Es indudable la importancia que la imagen devocional tiene en una de los ámbitos eclesiales más dinámicos que existen: el de las Hermandades y Cofradías. Esta realidad, que tiene un componente de religiosidad popular tan importante, parece verse como una suerte de mundo paralelo desde otros contextos eclesiales. Pero desde luego no es así, puesto que es una manifestación más de nuestra fe católica, que es la que da sentido a todo este rico movimiento. Nuestra fe es reflejo de una realidad inefable, nuestra fe es imagen, nuestra fe es poder ver a través de lo tangible aquella dimensión intangible que es nuestro sentido y nuestra esperanza. Así, la Iglesia, a través de las Hermandades y Cofradías, ha sabido valerse del innegable potencial evangelizador y convocador de la imagen devocional, que no se convertía, ni se ha convertido nunca, en objeto de idolatría (ni siquiera en aquellas realidades en las que mayores y más efusivas muestras de devoción se producen), sino simplemente en simulacro de aquello en lo que se cree, en objeto de veneración.
La palabra imagen procede del latín imago, que puede traducirse por retrato, copia, imitación. Procede, a su vez, de la raíz indoeuropea relacionada con copiar. En el caso que nos ocupa, la imagen sería, por tanto, el reflejo, el retrato, la representación de una realidad concreta. No es, naturalmente, esa realidad como tal, pero la representa para nosotros. Por lo tanto no es algo comparable a otros objetos del culto. No es presencia, pero sí medio físico y visible para la experiencia de fe.

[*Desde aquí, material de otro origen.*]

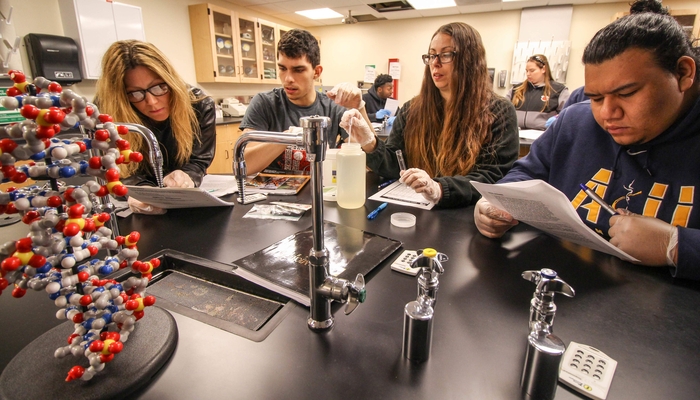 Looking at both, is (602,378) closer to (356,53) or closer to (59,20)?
(59,20)

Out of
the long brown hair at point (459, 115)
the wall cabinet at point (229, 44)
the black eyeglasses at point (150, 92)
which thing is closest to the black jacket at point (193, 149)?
the black eyeglasses at point (150, 92)

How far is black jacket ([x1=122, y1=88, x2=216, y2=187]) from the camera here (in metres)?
1.35

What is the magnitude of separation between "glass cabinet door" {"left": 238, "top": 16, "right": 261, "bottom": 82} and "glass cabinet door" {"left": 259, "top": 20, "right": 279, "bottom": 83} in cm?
10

Ya, desde el principio de las Sagradas Escrituras, la presencia del concepto de imagen tiene una gran importancia: “Y creó Dios al hombre a su imagen; a imagen de Dios lo creó; varón y hembra los creó”. Dios nos hace a su imagen, para que en la humanidad se siga construyendo cada día esa imagen y semejanza que mantiene una fidelidad con el proyecto armónico que inició con la propia creación, fruto de su amor y bondad ilimitados. Reflejaba, así, su creación, la misma esencia de la que parte. Era su creación imagen suya (aunque en nosotros esa imagen pudiese verse afectada por el pecado, del que nos libera con la redención). Ya en el s. VIII, Teodoro el Estudita diría, en este sentido, que si el hombre había sido creado a imagen de Dios, no cabía duda de que el arte de crear imágenes sagradas encerraba algo de divino.
Dios prohíbe la idolatría, pero no la creación de imágenes con un fin concreto en el pueblo de Dios, como ya se ve desde el propio Antiguo Testamento: la serpiente de bronce, el Arca de la Alianza y los querubines. Así, el sucesivo desarrollo doctrinal a través de los concilios, iría dando forma al culto cristiano de las imágenes. El fiel que venera a una imagen del Señor o de la Virgen, o de los Santos, “venera al que en ella está representado”. Decía San Basilio que “el honor dado a una imagen se remonta al modelo original”. Y añadía Santo Tomás de Aquino que el “culto de la religión no se dirige a las imágenes en sí mismas como realidades, sino que las mira bajo su aspecto propio de imágenes que nos conducen a Dios encarnado”.